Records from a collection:
+++

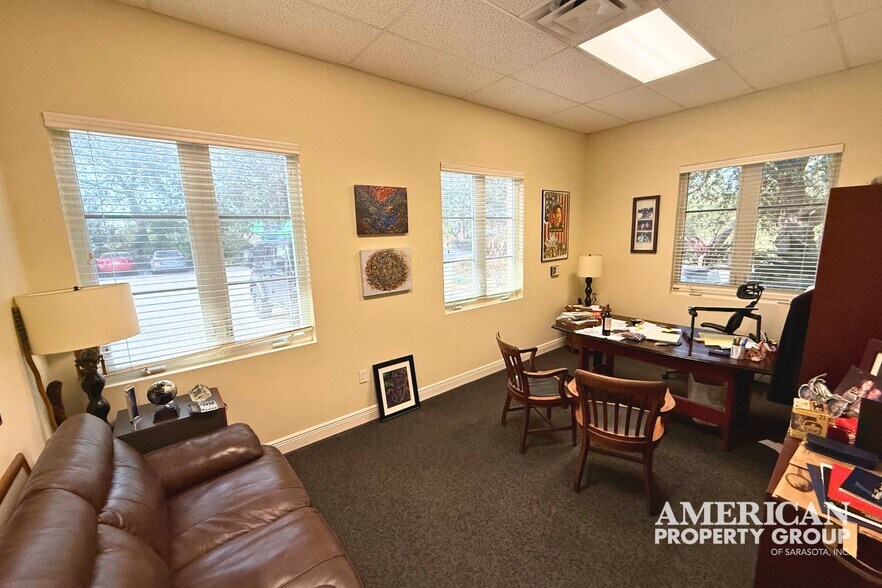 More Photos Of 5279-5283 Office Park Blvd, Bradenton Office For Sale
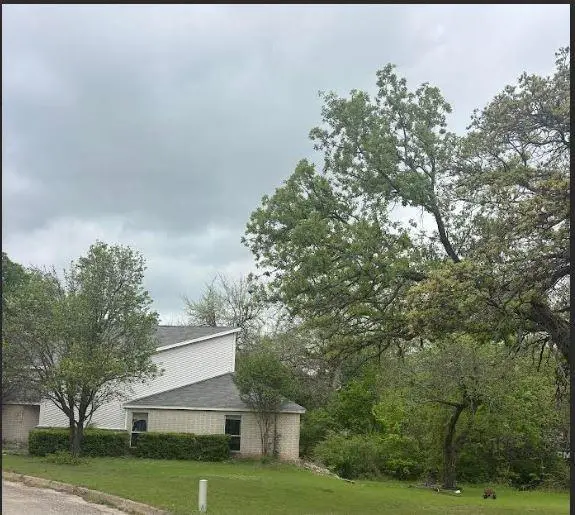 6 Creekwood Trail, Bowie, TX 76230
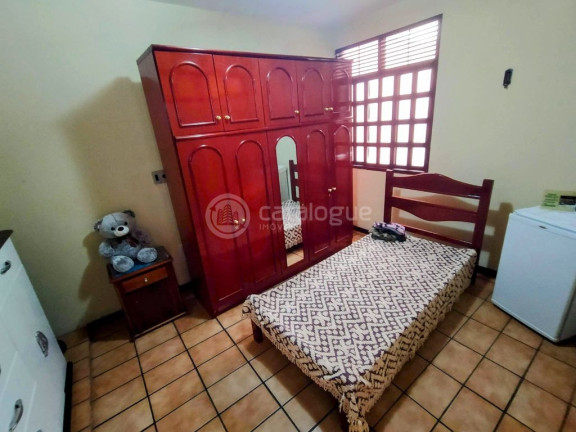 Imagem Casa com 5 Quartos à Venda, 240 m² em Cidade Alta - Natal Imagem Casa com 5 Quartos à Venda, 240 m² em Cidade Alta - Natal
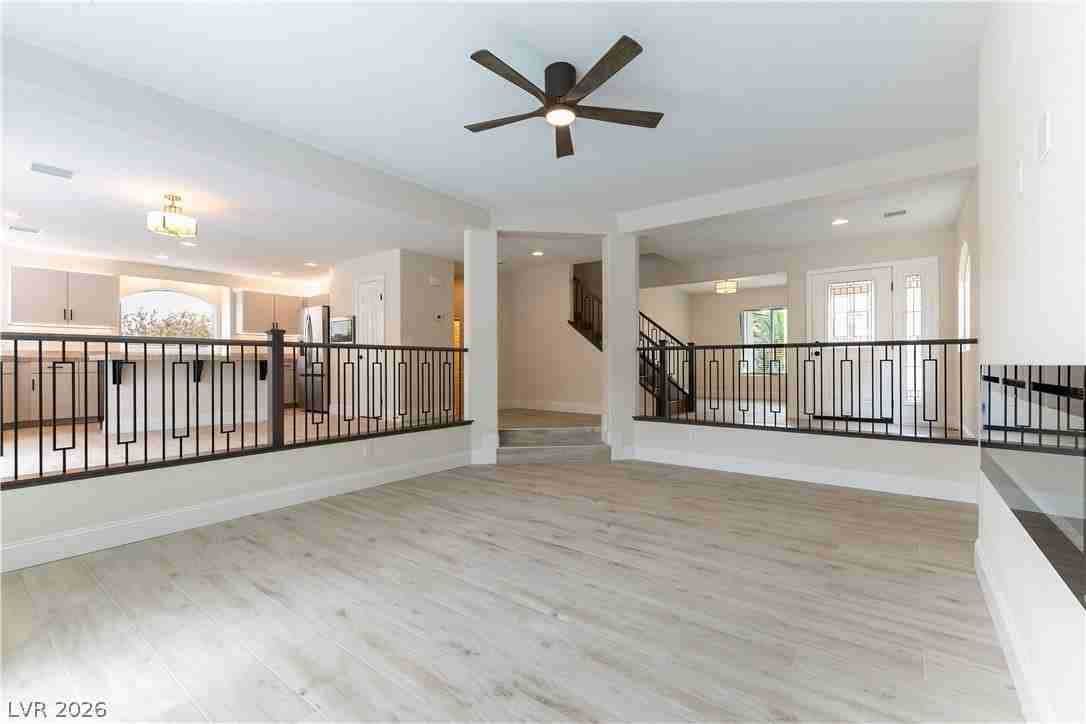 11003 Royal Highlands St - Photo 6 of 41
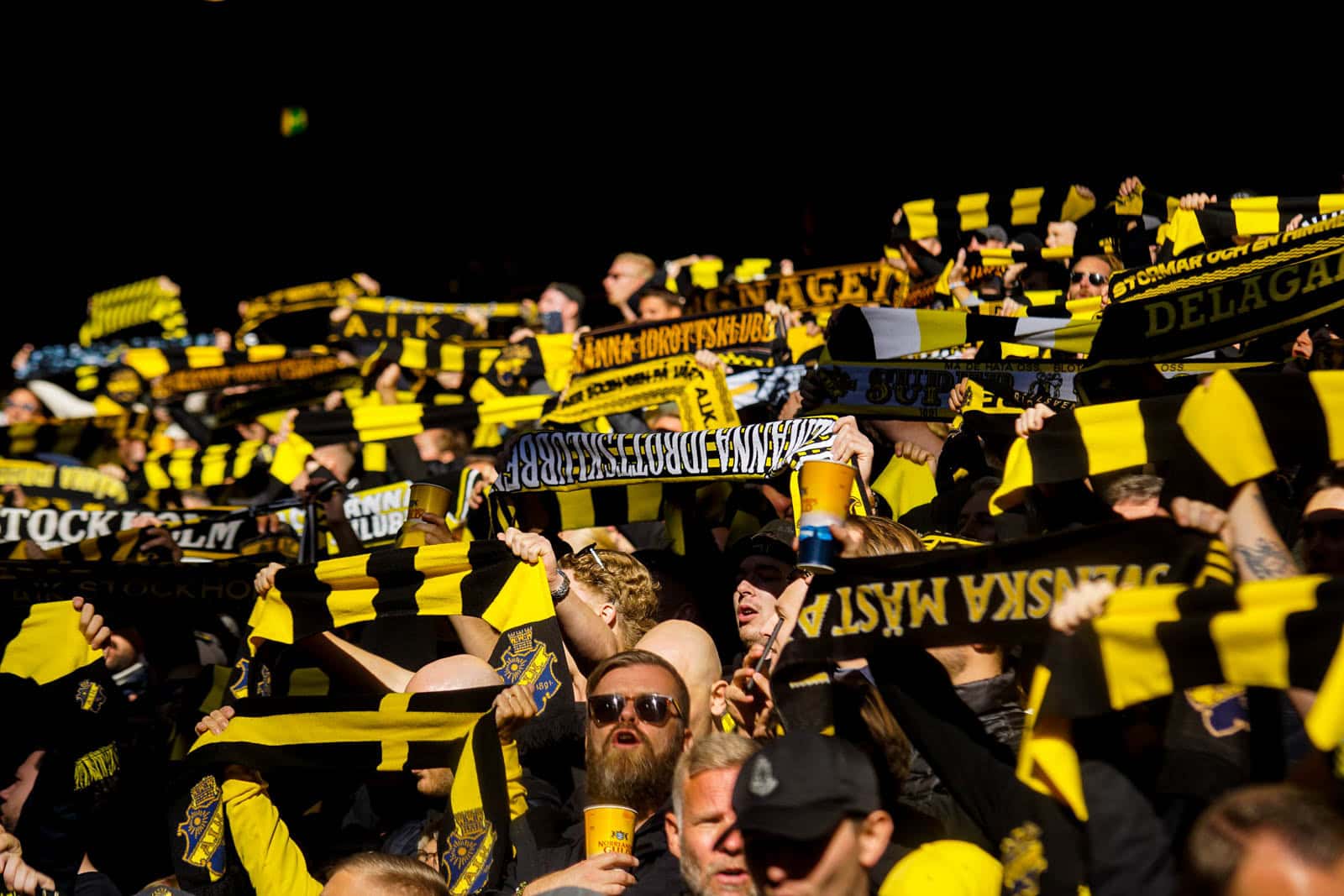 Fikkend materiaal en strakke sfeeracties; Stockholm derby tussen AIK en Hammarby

+++

● Work request: Every entry above needs to be copied exactly, and no pictures go with it.

● Response:
 More Photos Of 5279-5283 Office Park Blvd, Bradenton Office For Sale
 6 Creekwood Trail, Bowie, TX 76230
 Imagem Casa com 5 Quartos à Venda, 240 m² em Cidade Alta - Natal Imagem Casa com 5 Quartos à Venda, 240 m² em Cidade Alta - Natal
 11003 Royal Highlands St - Photo 6 of 41
 Fikkend materiaal en strakke sfeeracties; Stockholm derby tussen AIK en Hammarby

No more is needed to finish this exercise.